- Opening Delimiter -

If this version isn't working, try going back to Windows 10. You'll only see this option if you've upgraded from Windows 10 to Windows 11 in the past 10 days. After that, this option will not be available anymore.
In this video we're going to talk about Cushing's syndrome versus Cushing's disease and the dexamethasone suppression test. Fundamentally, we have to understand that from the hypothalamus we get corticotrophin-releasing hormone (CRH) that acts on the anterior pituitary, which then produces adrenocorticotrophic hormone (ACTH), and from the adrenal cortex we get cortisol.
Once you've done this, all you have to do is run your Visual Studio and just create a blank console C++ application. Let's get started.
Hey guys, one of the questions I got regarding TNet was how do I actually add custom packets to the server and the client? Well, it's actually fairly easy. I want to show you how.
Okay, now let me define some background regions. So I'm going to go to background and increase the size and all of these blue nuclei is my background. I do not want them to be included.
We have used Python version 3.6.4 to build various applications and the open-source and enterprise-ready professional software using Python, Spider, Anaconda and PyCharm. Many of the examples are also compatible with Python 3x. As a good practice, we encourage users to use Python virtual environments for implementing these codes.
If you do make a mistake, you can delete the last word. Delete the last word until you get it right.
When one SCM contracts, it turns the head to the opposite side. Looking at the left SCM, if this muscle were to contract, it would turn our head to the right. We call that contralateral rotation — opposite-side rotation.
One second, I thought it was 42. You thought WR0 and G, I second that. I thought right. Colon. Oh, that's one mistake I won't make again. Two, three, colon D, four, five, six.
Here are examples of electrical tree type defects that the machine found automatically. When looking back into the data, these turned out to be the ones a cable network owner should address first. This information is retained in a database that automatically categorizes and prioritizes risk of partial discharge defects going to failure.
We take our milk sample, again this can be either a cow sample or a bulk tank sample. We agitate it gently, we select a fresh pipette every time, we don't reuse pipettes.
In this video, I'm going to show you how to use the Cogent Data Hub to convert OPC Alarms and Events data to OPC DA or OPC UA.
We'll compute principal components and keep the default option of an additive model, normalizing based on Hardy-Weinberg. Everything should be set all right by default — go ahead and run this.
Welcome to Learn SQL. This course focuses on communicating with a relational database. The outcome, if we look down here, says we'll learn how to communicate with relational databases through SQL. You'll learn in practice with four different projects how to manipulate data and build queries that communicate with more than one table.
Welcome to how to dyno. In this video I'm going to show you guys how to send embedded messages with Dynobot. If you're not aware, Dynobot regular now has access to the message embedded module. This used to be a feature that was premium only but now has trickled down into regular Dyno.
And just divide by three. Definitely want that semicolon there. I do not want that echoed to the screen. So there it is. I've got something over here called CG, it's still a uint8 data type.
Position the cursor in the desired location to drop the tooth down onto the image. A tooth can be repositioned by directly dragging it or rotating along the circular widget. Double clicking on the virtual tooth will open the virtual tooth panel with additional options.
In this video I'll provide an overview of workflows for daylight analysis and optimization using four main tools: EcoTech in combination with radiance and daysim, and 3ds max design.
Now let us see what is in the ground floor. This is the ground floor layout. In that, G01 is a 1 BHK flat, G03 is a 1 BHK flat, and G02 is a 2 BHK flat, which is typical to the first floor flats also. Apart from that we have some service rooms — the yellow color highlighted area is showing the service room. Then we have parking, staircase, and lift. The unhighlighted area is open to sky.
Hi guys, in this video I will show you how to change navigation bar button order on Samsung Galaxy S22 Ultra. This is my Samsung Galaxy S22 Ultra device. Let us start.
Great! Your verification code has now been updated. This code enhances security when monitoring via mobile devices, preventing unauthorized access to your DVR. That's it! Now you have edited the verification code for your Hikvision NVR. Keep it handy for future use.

- Closing Delimiter -

Which of the lines above hold the string "make"? Copy each one.

→ TASK RESPONSE:
If you do make a mistake, you can delete the last word. Delete the last word until you get it right.
One second, I thought it was 42. You thought WR0 and G, I second that. I thought right. Colon. Oh, that's one mistake I won't make again. Two, three, colon D, four, five, six.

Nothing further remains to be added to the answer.